Santo de los menesterosos

Esta vez el poder de los símbolos. Uno ya inscrito en la mitología popular que parió, creó y crió la imaginería de las masas, permanece vivo en la memoria colectiva por gracia y milagro de esas vetustas películas conservadas en formol  que una y otra vez la de plasma exhuma ante ustedes. Vivo está, redivivo a contracorriente del tiempo que, aliado fiel del Alzheimer, todo lo borra. El Santo, sí, el  Enmascarado de plata. A propósito:

Fue en día como hoy mismo, pero de hace más de dos décadas, cuando el paisanaje amanecía huérfano porque, de repente, se le fue El Santo al cielo. El santo de su devoción. A mí, de repente, se me llenó mente y pupilas de remembranzas en derredor de la vera efigie de uno de los que muy pocos identificaban como un tal Rodolfo Guzman Huerta, pero que todos conocíamos como el Enmascarado de plata. Qué tiempos. Nosotros, los de El Santo, ya no somos los mismos, que no es lo mismo El Santo que mil Konan después. En este nuevo aniversario de la fecha infausta en que  se nos fue El Santo al cielo, mi endecha:

Santo, Santo, Santo, señor de los cuadriláteros. Santo Enmascarado de plata, te rogamos, óyenos. Sanchopancesco quijote de máscara y capa cirquera: ahí donde ahora tomas resuello tras de caer vencido en la rigurosa lucha a una sola caída y sin límite de tiempo, escucha a estos tus devotos, los que acá nos quedamos. Esto te lo digo porque eres Santo tutelar de la fanaticada de todas las arenas del barrio, donde se creyó -se cree- en ti y en ti se confía como nunca en ninguno de esos luchadores rudos, villanos del golpe bajo, la trampa y el costalazo, que han dejado memoria ingrata en esa arena que se nombra México. Te lo digo tanbién por lo que en mi gente eres de ánima y estilo, de amalgama e identidad, contraseña y memoria colectiva. Porque percibo que mueres al modo del Nanahuatzin del panteón náhuatl, requemado en la hornaza para revivir Sol, símbolo y Santo de la santería popular. Porque a tu advocación se arriman ésos a los que dejaste solos y mortecinos, huérfanos de algo porque se quedaron sin Santo y seña.

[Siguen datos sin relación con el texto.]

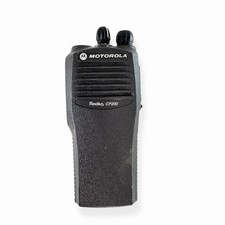 Motorola Radius CP200
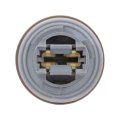 Turn Signal Light Socket Ford F-250 F-350 Super Duty 2011 To 2016 2 5 In Housing Length Blade Terminal Oval Connector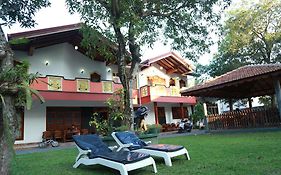 Sumal Villa Beruwala Exterior photo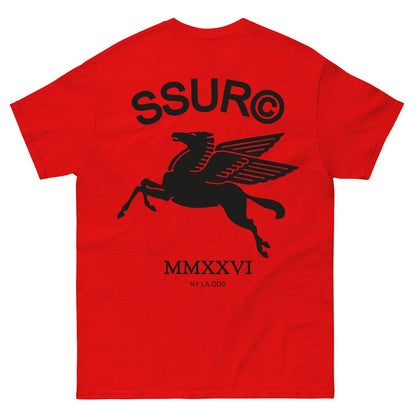 SSUR©️ PEGASUS T-Shirt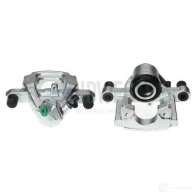 Тормозной суппорт BUDWEG CALIPER Mercedes C-Class (S204) 3 Универсал 3.0 C 320 CDI 4 matic (2089) 224 л.с. 2007 – 2011 0C5 9AA1 344424 5705444387087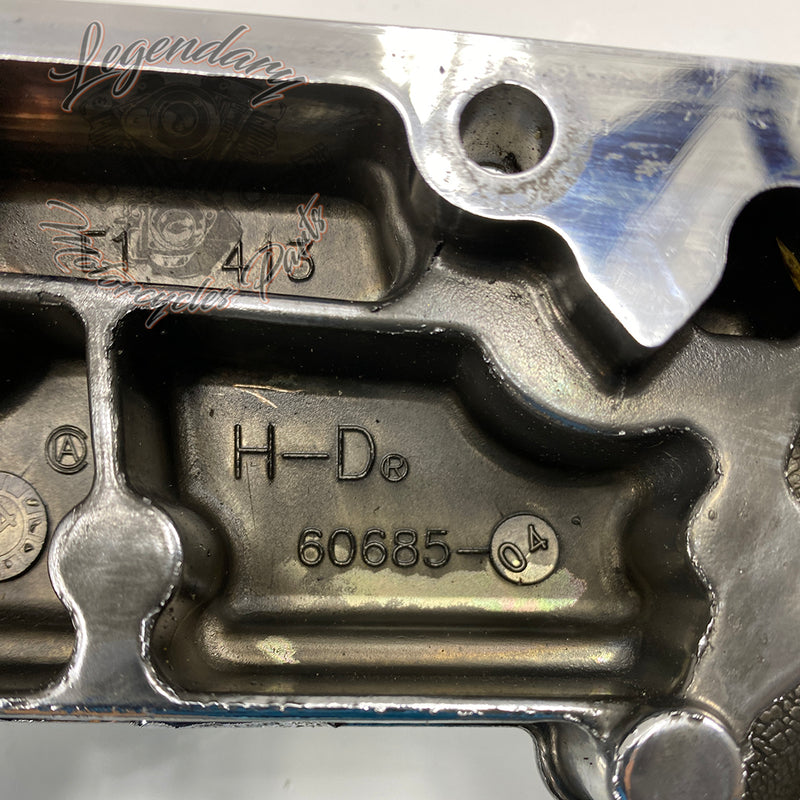 Primary Case OEM 60665-99B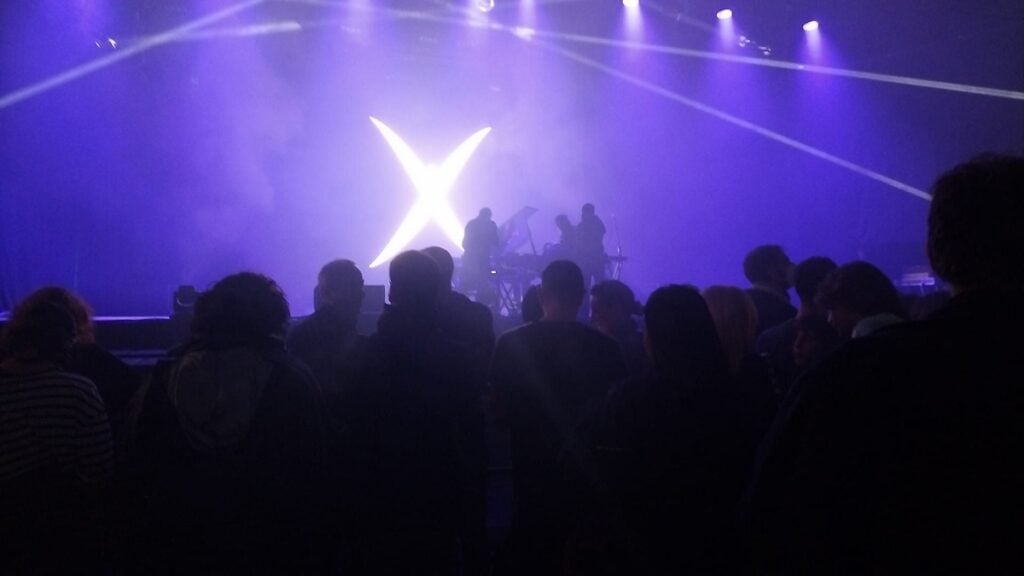 Nicholas Jarr e Ali Sethi, C2C Torino, ph Claudia Giraud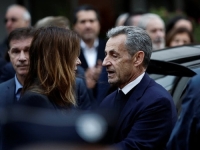 NI ZATVOR NIJE ZA SVE ISTI: Sarkozy dobio privilegije koje drugi mogu samo sanjati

Desde aquel cuadrilátero al que hayas ido a parar mira por nos; por la desfalleciente esperanza de esa fanaticada que acá se queda luchando un día sí y el otro también en este encuentro desigual a cotidianas caídas que estamos sentenciados a perder con los rudos del costalazo por las malas artes de árbitros vendidos, cuando no comprados. Mira por ellos que, siempre perdidos, de tus triunfos sacaban los suyos (héroes por delegación; ah, terca inmadurez), y el desquite contra los rudos, esos del negocio de la política y de la política del negocio que mantienen al paisa con la espalda en la lona.

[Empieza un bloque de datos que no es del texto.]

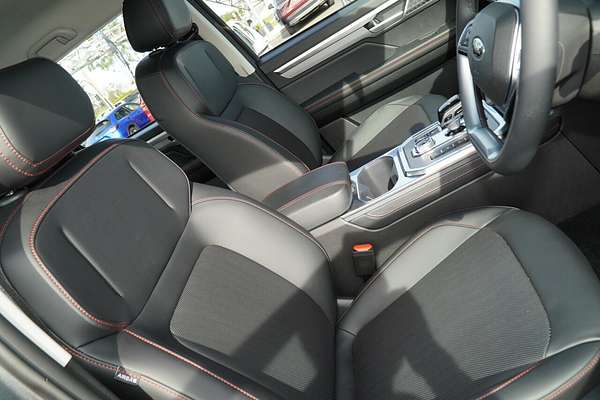 2024 JAC T9 Oasis All Wheel Drive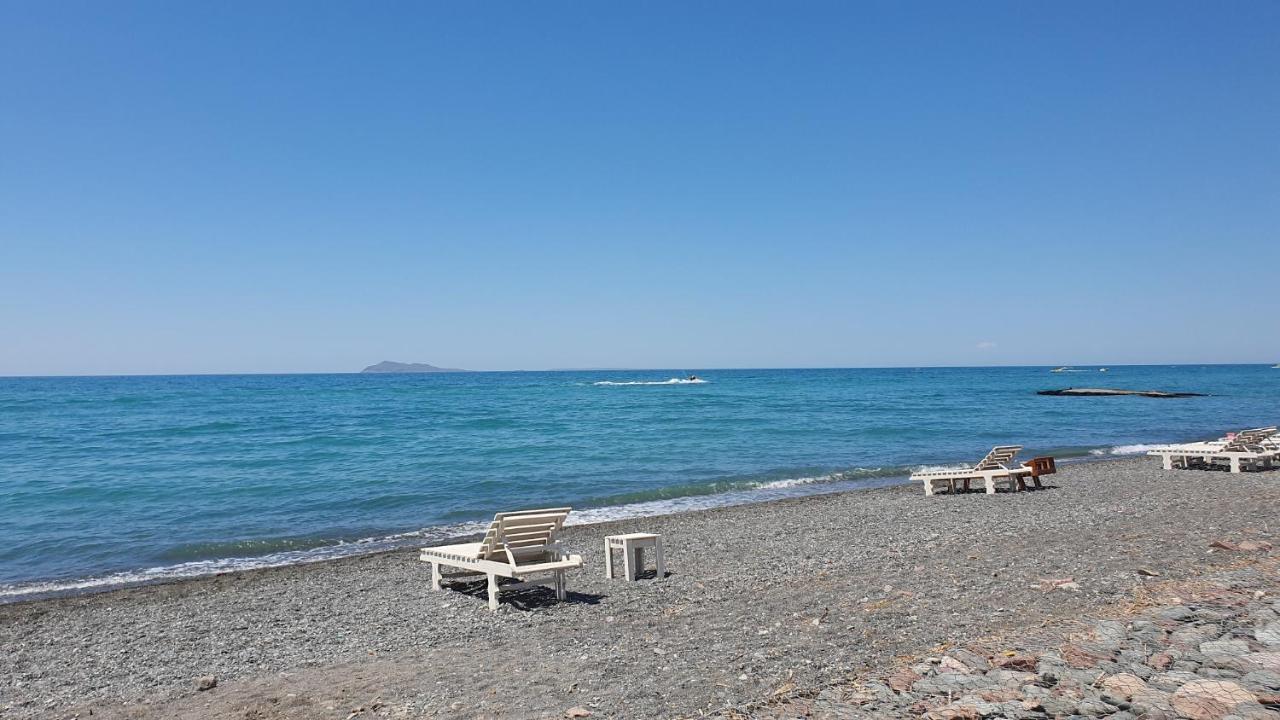 Инжу Алаколь Hotel Qabanbay  Exterior photo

Santo señor de la menesterosa esperanza en esta arena que nombramos México: tu capa y máscara fueron (en olor de leyenda lo son todavía) la materialización lentejuelera del heroísmo, la honestidad y el valimiento para esos a los que la soberbia moteja de  «proles», y el triunfo del bien sobre el mal; fueron y será el símbolo populachero de la Justicia, acá donde Justicia no existe para el respetable más que en el pregón de los demagogos. Nos la nombran, sí; nos la cantan, nos la predican, nos la mientan. Ya sería mucho que también nos la aplicasen. ¿En el México de los alcahuetes de francesitas apasionadas?

Santo que en gallardas contiendas desenmascaraste a tantos, ¿y a ésos cuando, Señor? Te rogamos, óyenos a los que en lugar de asumir delegamos; en mesías, en demagogos, en ti mismo, Santo.  (Después.)